Lo racconterò con un sospiro
da qualche parte tra molti anni:
due strade divergevano in un bosco ed io –
io presi la meno battuta,
e questo ha fatto tutta la differenza.
Robert Frost
Il coraggio della libertà
“La scelta di Barbara” (in originale, “Barbara”) è un film del 2012 diretto da Christian Petzold (attori principali, Nina Hoss e Ronald Zehrfeld), premiato con l’Orso d’argento per la migliore regia e con la Lola (premio assegnato dalla Deutsche Filmakademie) al miglior attore e alla migliore regia.

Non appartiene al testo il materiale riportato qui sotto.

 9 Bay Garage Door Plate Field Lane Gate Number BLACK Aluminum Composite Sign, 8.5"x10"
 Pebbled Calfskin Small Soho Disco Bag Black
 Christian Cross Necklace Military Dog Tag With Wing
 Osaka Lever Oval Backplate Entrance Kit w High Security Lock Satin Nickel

Ho visto questo film accompagnata da una serie di sentimenti forti e contraddittori, quelli che sempre mi accompagnano quando mi imbatto e mi immergo nelle storie che riguardano la DDR. Ma, prima, in breve la vicenda: Barbara è una dottoressa che incontriamo in un piccolo paese della costa settentrionale della DDR, ivi trasferita da Berlino per un suo “peccato” (deduciamo dai dialoghi che si tratta di una richiesta di espatrio all’Ovest); indurita e chiusa al mondo –che per lei è fatto solo di nemici-, continua in silenzio a preparare la fuga che sta organizzando con l’uomo che ama (che vive all’Ovest); la vita però se ne infischia di quanto Barbara abbia sprangato le porte e le si presenta vestita della più bella e inquietante stoffa: l’amore; l’amore silenzioso e paziente di André, il suo collega, e quello disperato e trascinante di Stella, la ragazzina che non vuole più tornare nel “campo di rieducazione” e che strappa Barbara dal suo isolamento emotivo, costringendola a cambiare punto di vista. La crepa che l’amore per Stella apre nel cuore di Barbara lascerà che altri sentimenti vi filtrino: lei non solo rinuncia alla propria fuga –preparata nel dettaglio, tra rischi e umiliazioni- per offrire alla giovane ragazza una possibilità di cambiare vita, ma sceglie di dare alla propria, di vita, un altro significato, che consiste nel coltivare ed esercitare –nonostante tutto sia lì a dimostrarne il contrario- una libertà interiore nata dal coraggio di aprirsi all’amore.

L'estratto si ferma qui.